La récession devrait être de 9% cette année en France, selon l'Insee, qui s'est montrée mercredi un peu plus optimiste que le gouvernement et constate que "l'économie française s'est redressée assez nettement" après deux mois de déconfinement. Malgré ce vif rebond, le rythme du redressement risque de marquer le pas dans les prochaines semaines selon les prévisions des statisticiens. Sur le marché du travail, la situation pourrait rapidement s'aggraver.
Grégoire Normand
L'économie française devrait connaître un fort rebond au deuxième semestre après le creux sans précédent enregistré sur la première moitié de l'année du fait du confinement mis en place pour ralentir la propagation du nouveau coronavirus, selon une nouvelle estimation publiée mercredi par l'Insee.
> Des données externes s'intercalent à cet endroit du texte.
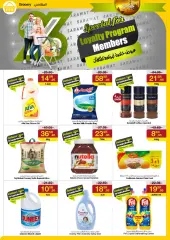 Page 85 in Eid Al Adha offers at Sarawat super store Saudi Arabia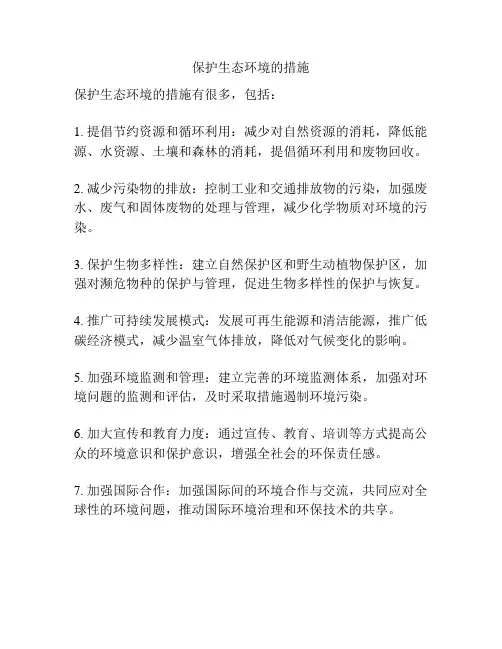 保护生态环境的措施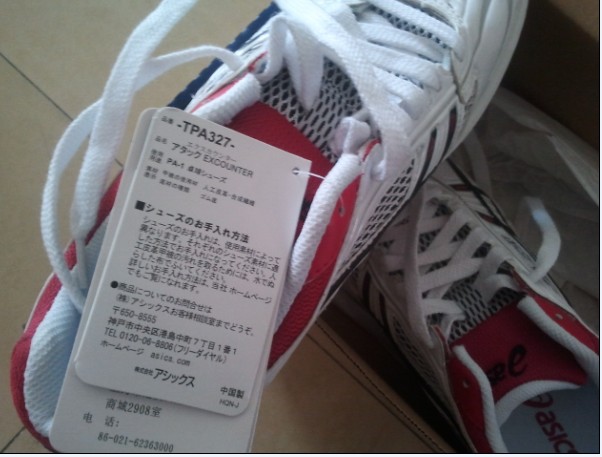 ��֧�����������߻�˫asics��ƹ����Ь��TPA327��QQ49620741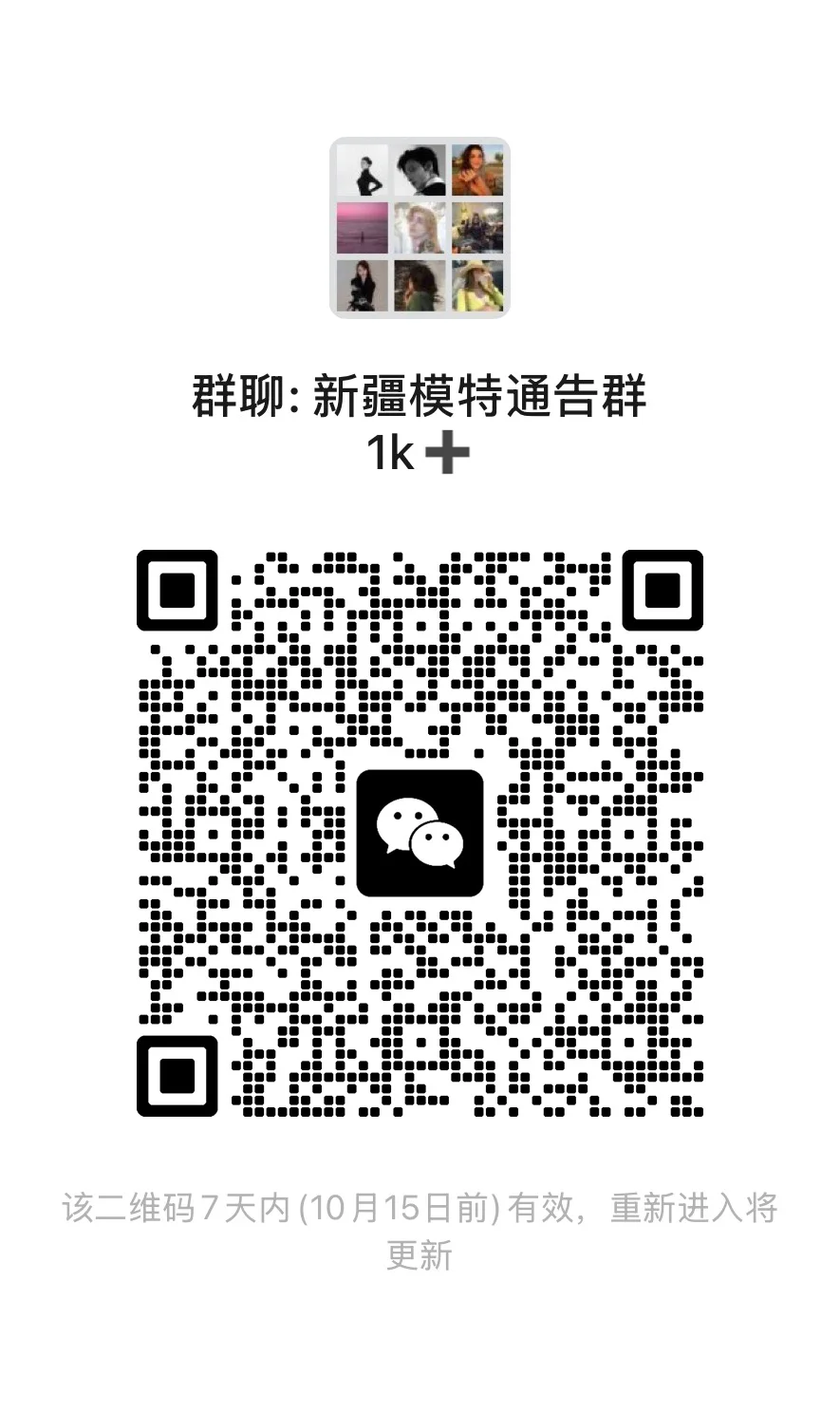 新疆模特进，模特经纪人也可以进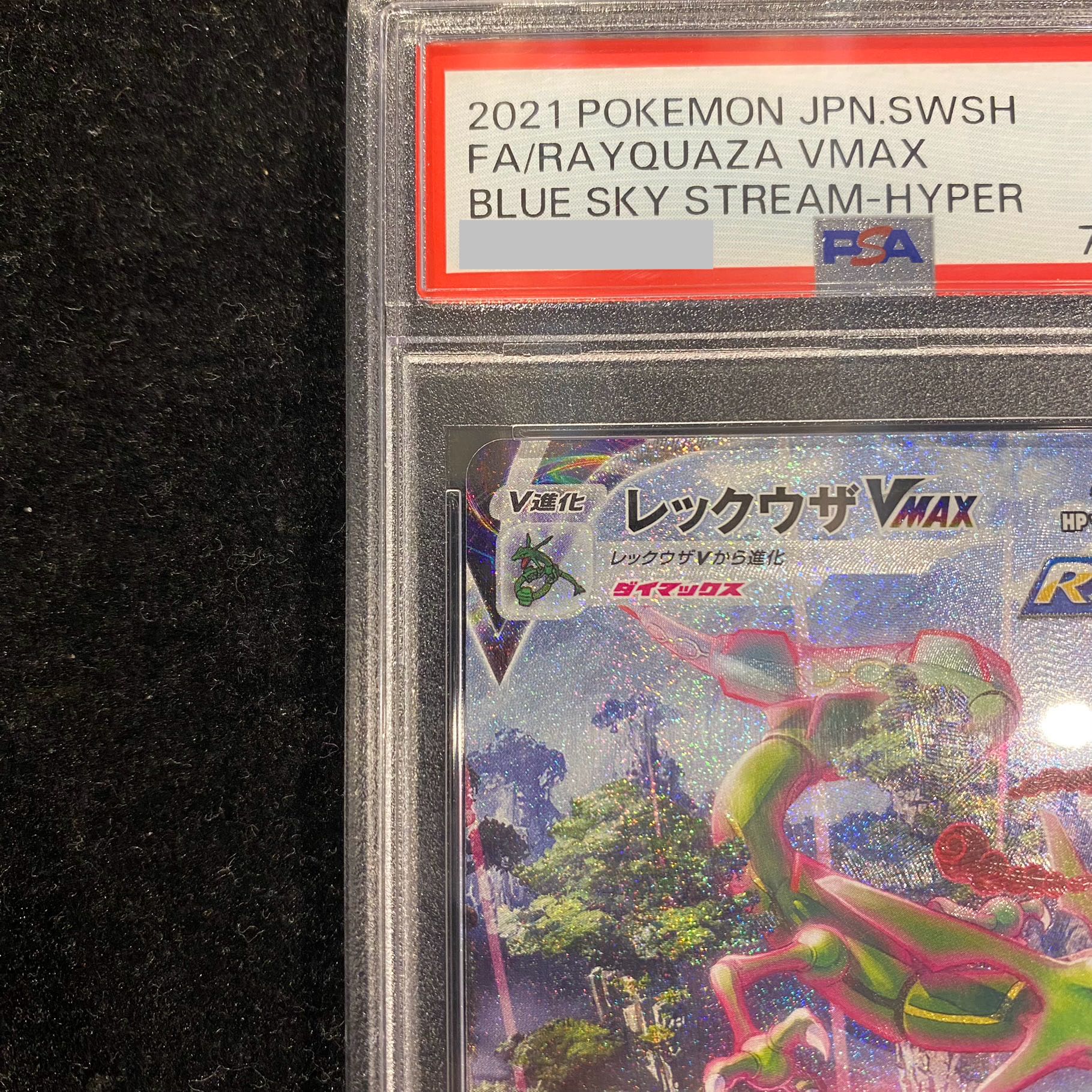 [PSA10] RayquazaVMAX HR 083/067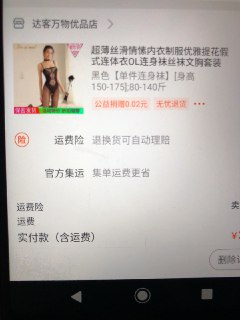 [photo](media:AgADBQADr6kxG9FHiVfWze1337Lqsmi8JTMABAEAAwIAA20AA8fLAAIWBA@telegram)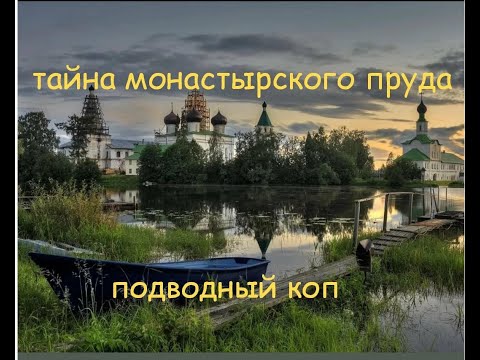 Видео: Тайна монастырского пруда.подводный коп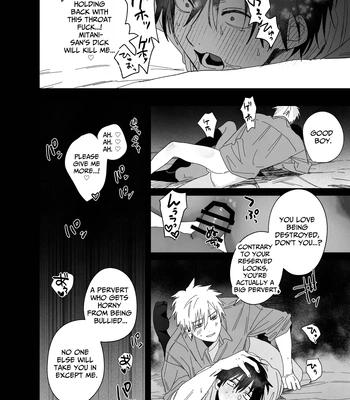 [Atarayo (nocori)] The Handsome Salesman At Work is An Ideal Master 3 [Eng] — 031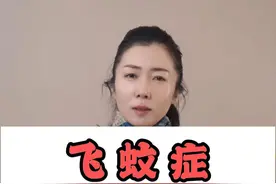 飞蚊症可以治愈吗#飞蚊症 #硬核健康科普行动  #眼底 #年度健康知识干货大赏视频封面
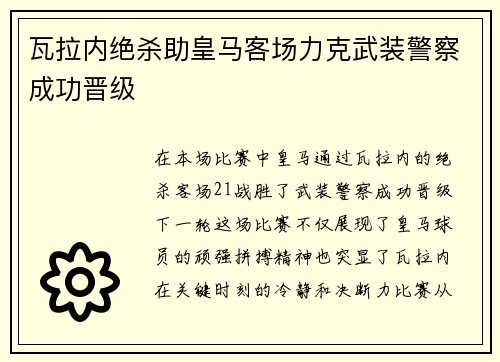 瓦拉内绝杀助皇马客场力克武装警察成功晋级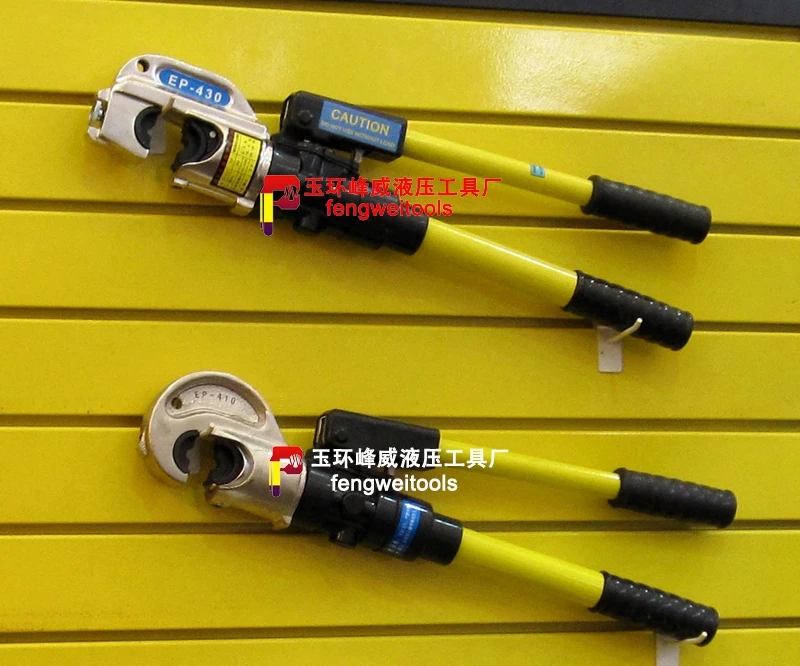 

EP-410 hydraulic pliers crimping pliers 16-300 square wire terminal pliers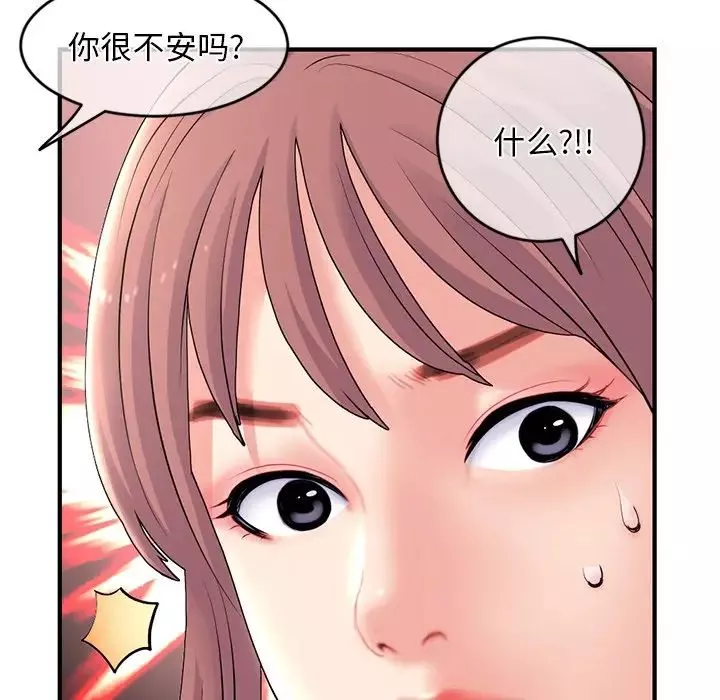 深夜网吧-第11话 - 图片 152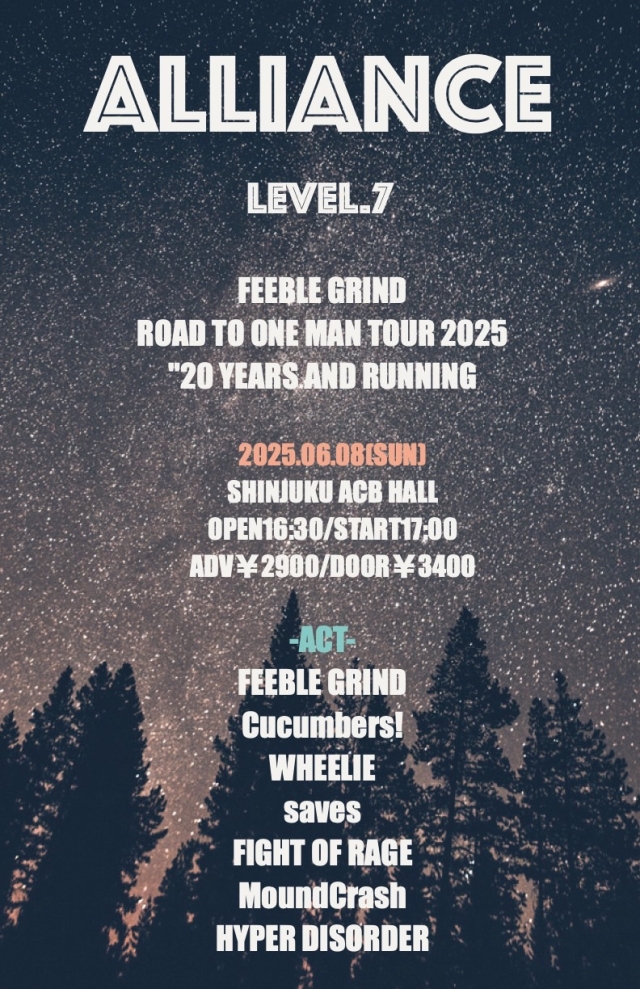 【ALLIANCE LEVEL.7】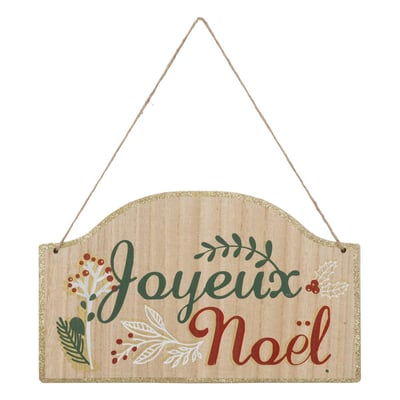 Pancarte murale "Joyeux Noël"  en bois 30cm FEERIC LIGHTS & CHRISTMAS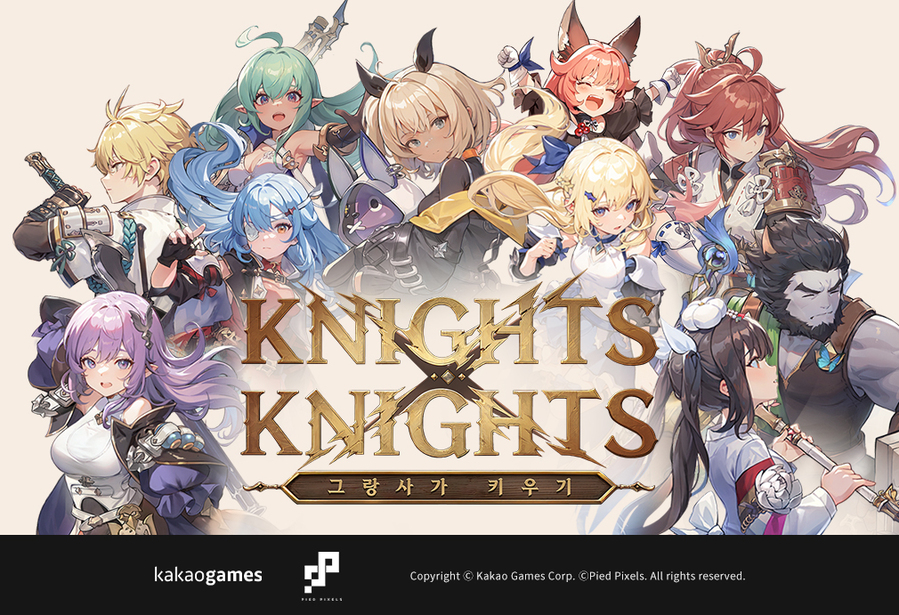 ▲ ⓒ카카오게임즈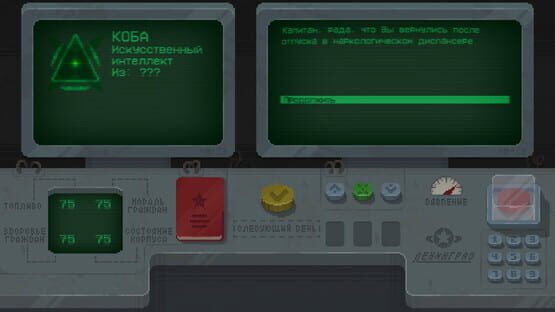 Screenshot Leningrad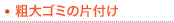 粗大ゴミ処分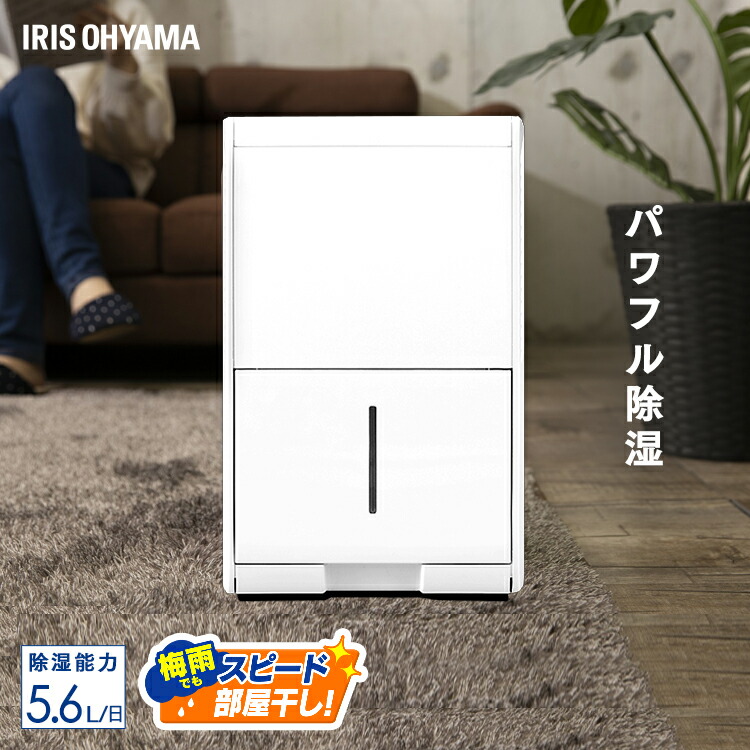626N 早い者勝ち☆アイリスオーヤマ 20年製 除湿機 送料無料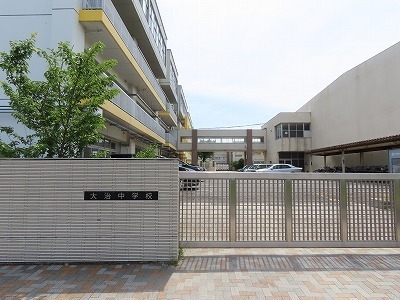 海部郡大治町大字鎌須賀字茶屋の土地(大治町立大治中学校)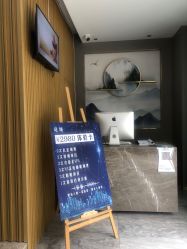 点击看大图 -觅境SPA·私享空间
Les indicateurs économiques donnent encore le vertige. Selon la note de conjoncture de l'Insee publiée ce mercredi 8 juillet, le produit intérieur brut de la France chuterait de 9% en 2020. C'est une prévision plus optimiste que celles de l'OCDE, du FMI (-12,5%) ou encore de la Commission européenne qui table sur une récession supérieure à 10% en 2020. Si le déconfinement en France se passe relativement bien, de nombreuses incertitudes sanitaires et économiques planent sur le moral des entreprises et des ménages. Une éventuelle seconde vague anéantirait tout espoir de reprise durable même si la France serait mieux préparée. Dans les semaines à venir, beaucoup d'économistes redoutent une envolée du chômage. Les conditions du rebond dépendront beaucoup de la situation sur le marché du travail et de l'évolution de la situation sanitaire. La crise pourrait entraîner une baisse prolongée des revenus des Français et donc de la demande, ce qui pourrait provoquer une chute de l'activité pour les entreprises. Face à cette plongée de l'économie en eaux troubles, le gouvernement doit préparer un plan de relance stratégique au cours de l'été.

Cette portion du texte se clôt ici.